If you frequent the Reservoir on runs and you’ve managed to circumnavigate the body of water, you may have noticed an elegant stone building nestled in the bend around the Cleveland Circle side of the park. This building is the home of Boston’s Waterworks Museum, affectionately referred to as the Waterworks and a celebration of the scientific and engineering triumph that is publically available drinking water. The true importance of this beautifully façaded museum, much like water, seems to be hiding in plain sight.
“The Waterworks preserves a legacy of innovation—a hidden history of innovation,” said Suanna Crowley, manager of outreach and development for the museum. “But definitely one that very, very deeply impacted the growth of Boston during the 20th century.”
A relatively new addition to the Waterworks staff, Crowley comes from an academic background in anthropology and environmental sciences—which includes a brief one-semester teaching stint at BC—but she has now shifted her focus to the work exhibited at the museum. For Crowley, her work at the Waterworks, particularly with regard to water science and public health through a socio-historical lens, meshes perfectly with her academic background.

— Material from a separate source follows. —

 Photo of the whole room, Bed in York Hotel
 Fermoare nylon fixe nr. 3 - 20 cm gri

Coming from research focused heavily on global water supply and the interaction of cities and water, joining the ranks at the Waterworks Museum was, to Crowley, “not a huge leap.” Putting this interdisciplinary work into a local Boston history context has made for an extremely enriching experience—one she hopes everyone can enjoy.

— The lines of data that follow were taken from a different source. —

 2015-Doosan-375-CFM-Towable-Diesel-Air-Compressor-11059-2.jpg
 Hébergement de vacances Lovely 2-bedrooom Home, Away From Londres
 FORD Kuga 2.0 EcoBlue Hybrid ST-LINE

“Its really a place to go where you can explore more than once,” Crowley said of the exhibits on offer at Waterworks. “It has a lot of depth to it.”
Certainly, many museums merely document history—primary sources are put on display and timelines demonstrate the past in a linear way. The greatest museums, however, exist to both document and celebrate history—to tell a story and make a point of it. Waterworks falls into this latter category.
The Waterworks puts the hidden history of Boston’s often-groundbreaking innovation in public water on full display. The museum boasts about the human engineering feats that made Boston among the first world-class cities to have a fully fleshed-out system of sanitary water delivery.
The history of public water in Boston begins in the 19th century, when the city had thousands of new immigrants arriving and joining the thousands of residents already settled. At the time, unsanitary and inefficient public wells were used daily by hundreds or thousands of people to retrieve water for drinking and bathing.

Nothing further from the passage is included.